L’anarco-individualismo è una corrente filosofica che ripone al centro di tutto l’individuo singolo. Questo è assorto nel suo individualismo e mosso da un egoismo che lo porta all’interesse esasperato per se stesso a discapito dell’altro.

Max Stirner fu il più importante teorico di tale corrente. L’impostazione della sua filosofia, molto spesso vittima di un’errata interpretazione, gli costò molte accuse.
Venne definito un anarchico senza logica poiché l’errata interpretazione della sua opera non mise in risalto il fatto che all’interno fossero riposti dei precetti etici che potessero perfettamente rispecchiare il mondo terreno.
L’egoismo stirneriano , conosciuto anche come “egoismo etico”, rappresenta una sponda per lo sviluppo della critica mossa a tutto ciò che sta al di fuori dell’egoista ,ovvero l’individuo di Stirner, e a tutto ciò che può ledere alla sua persona.
La sua opera “l’unico e la sua proprietà”, rappresenta esattamente questo scenario in cui “l’unico” rappresenta l’individuo e “la sua proprietà” si identifica con la sua libertà.
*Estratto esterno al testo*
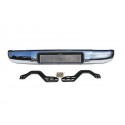 FORD RANGER/ MAZDA BT50 REAR BUMPER CHROME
Quest’ultima non può e non deve essere lesa da niente e il suo nemico principale è rappresentato da quell’insieme di Stato, Chiesa, Liberali e quant’altro che Stirner non si priva di criticare e contro cui muove, con violenza e tenacia come fosse un arma, il diritto di esistere da parte dell’individualismo del singolo.
E’ all’interno della sua autentica filosofia con il martello che il singolo con le sue qualità, doti, caratteristiche ha il diritto di essere libero di agire nel modo migliore in cui crede. Stirner si scaglia anche contro società di stampo comunista che invece cercano di abolire il concetto di singolo, poiché in contrapposizione al loro sistema, autoritario e repressivo, dovrebbero far fronte allo sviluppo di una dissidenza. Però Stirner non fa distinzioni per ideologia o per fazioni politiche ed è proprio in questa sua caratteristica che si riscontra la funzione morale della sua speculazione.
Se dovessimo ritrovarci a fare una storia di quest’idea di egoismo, che muove l’individuo verso la sopravvivenza e la difesa della propria persona nella sua totalità, salterebbe subito alla mente il concetto di uomo analizzato da Thomas Hobbes all’interno dello Stato di natura.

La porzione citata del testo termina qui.